§ PROVIDED DATA:

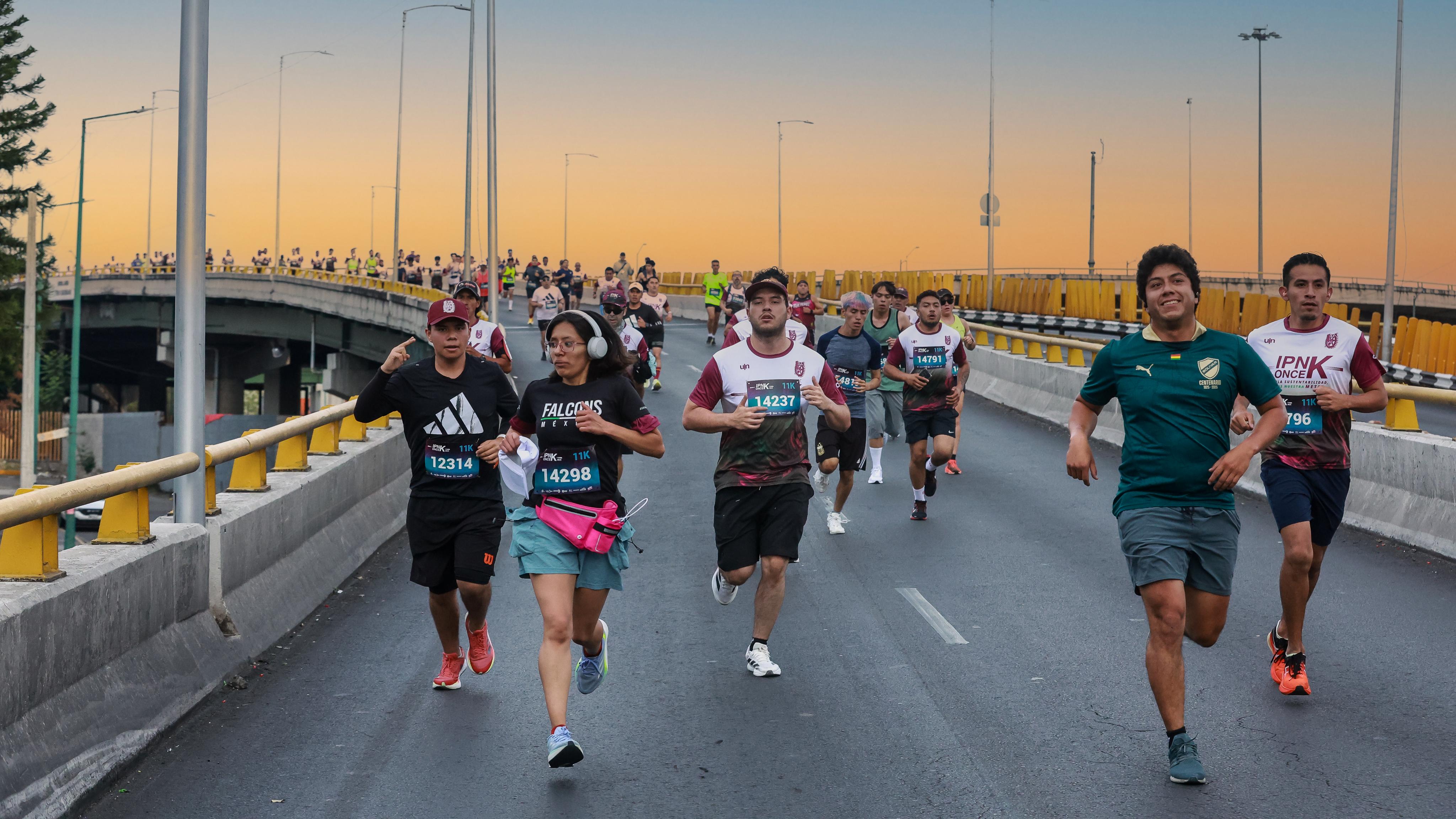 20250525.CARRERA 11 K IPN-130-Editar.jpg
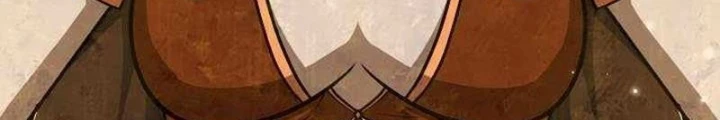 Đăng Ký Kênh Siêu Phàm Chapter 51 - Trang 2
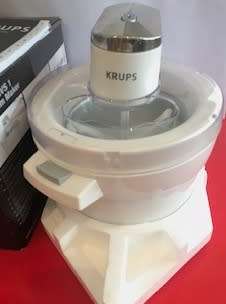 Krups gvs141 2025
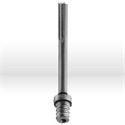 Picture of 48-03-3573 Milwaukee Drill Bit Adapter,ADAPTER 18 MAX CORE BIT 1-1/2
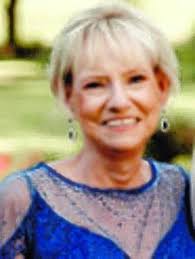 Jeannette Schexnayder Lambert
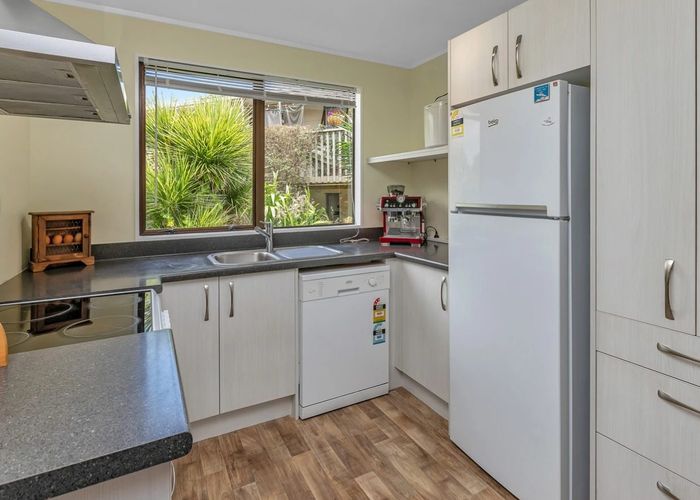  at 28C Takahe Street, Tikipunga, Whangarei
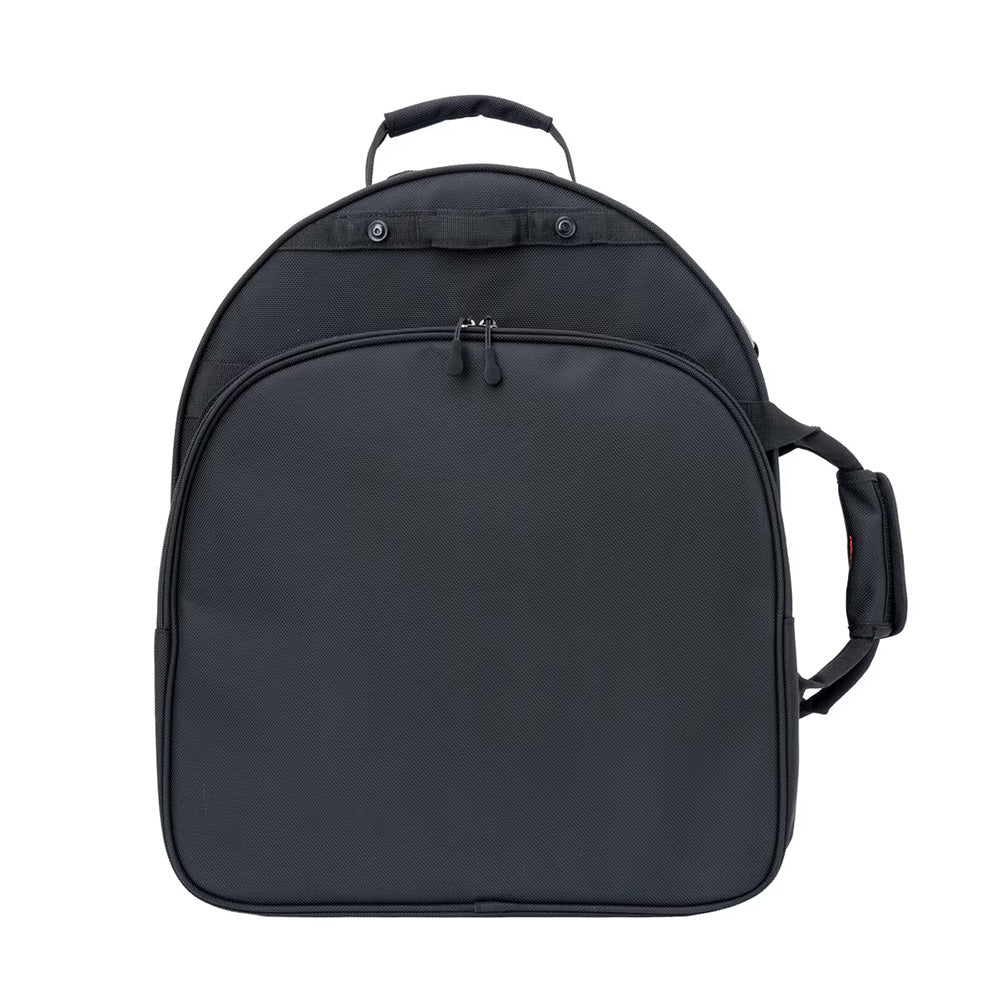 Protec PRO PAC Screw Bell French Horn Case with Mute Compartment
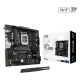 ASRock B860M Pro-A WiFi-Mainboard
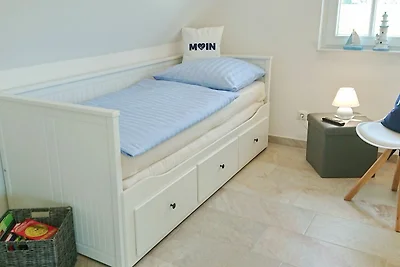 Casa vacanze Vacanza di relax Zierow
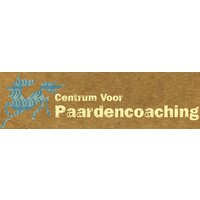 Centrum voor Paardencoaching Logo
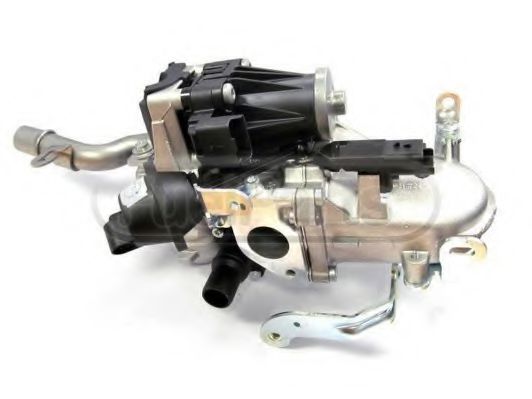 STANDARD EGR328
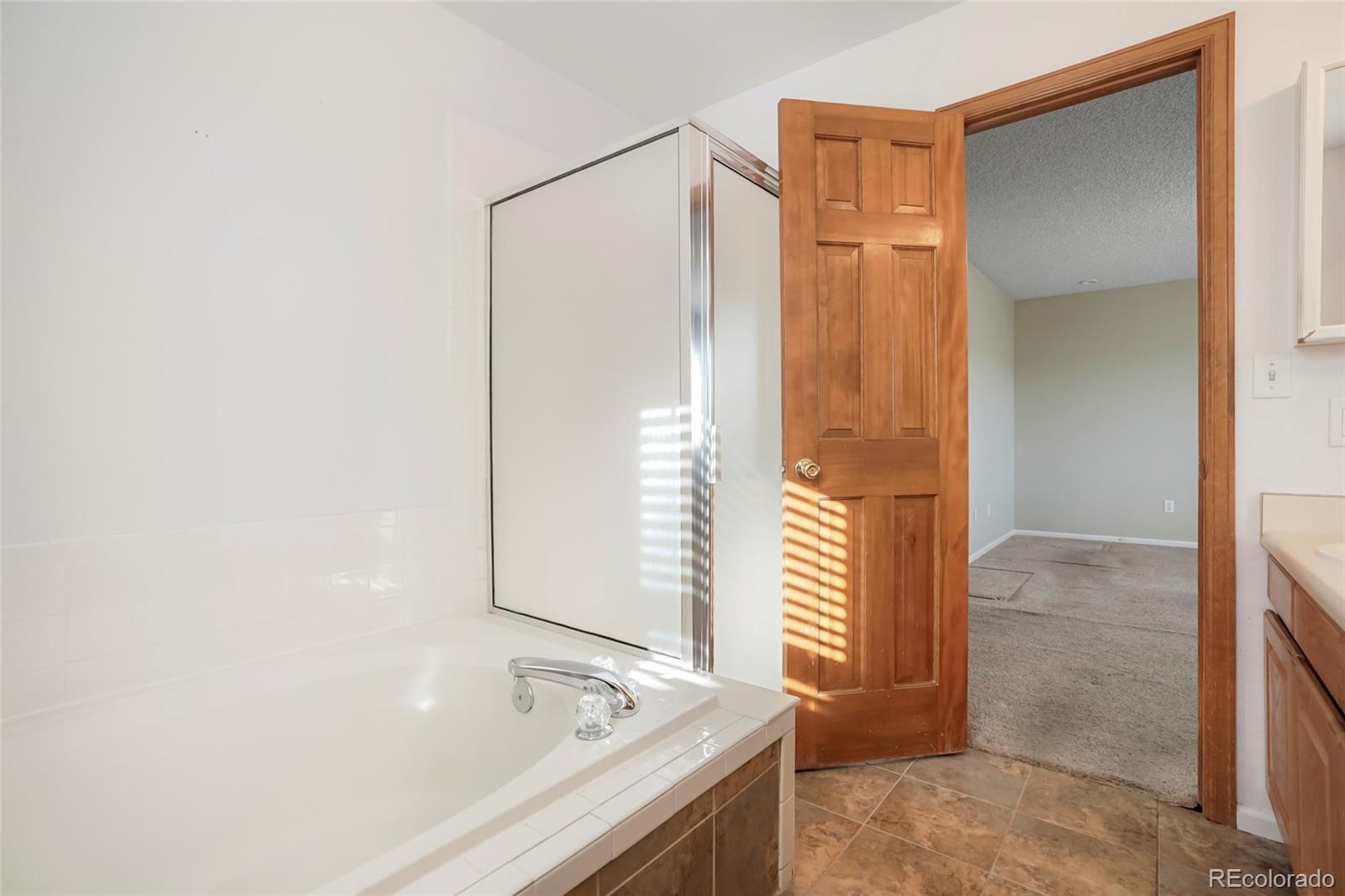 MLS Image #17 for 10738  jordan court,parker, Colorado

* * *

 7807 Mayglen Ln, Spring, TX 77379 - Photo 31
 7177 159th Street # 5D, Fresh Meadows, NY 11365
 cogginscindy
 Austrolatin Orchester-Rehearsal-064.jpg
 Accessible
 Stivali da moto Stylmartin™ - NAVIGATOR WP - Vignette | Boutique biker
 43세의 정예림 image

§ WHAT IS EXPECTED: Starting at the line above with "Centrum voor Paardencoaching Logo", output every line exactly up to and including the line with "MLS Image #17", but none of the pictures.

§ EXERCISE SOLUTION:
 Centrum voor Paardencoaching Logo
 STANDARD EGR328
 MLS Image #17 for 10738  jordan court,parker, Colorado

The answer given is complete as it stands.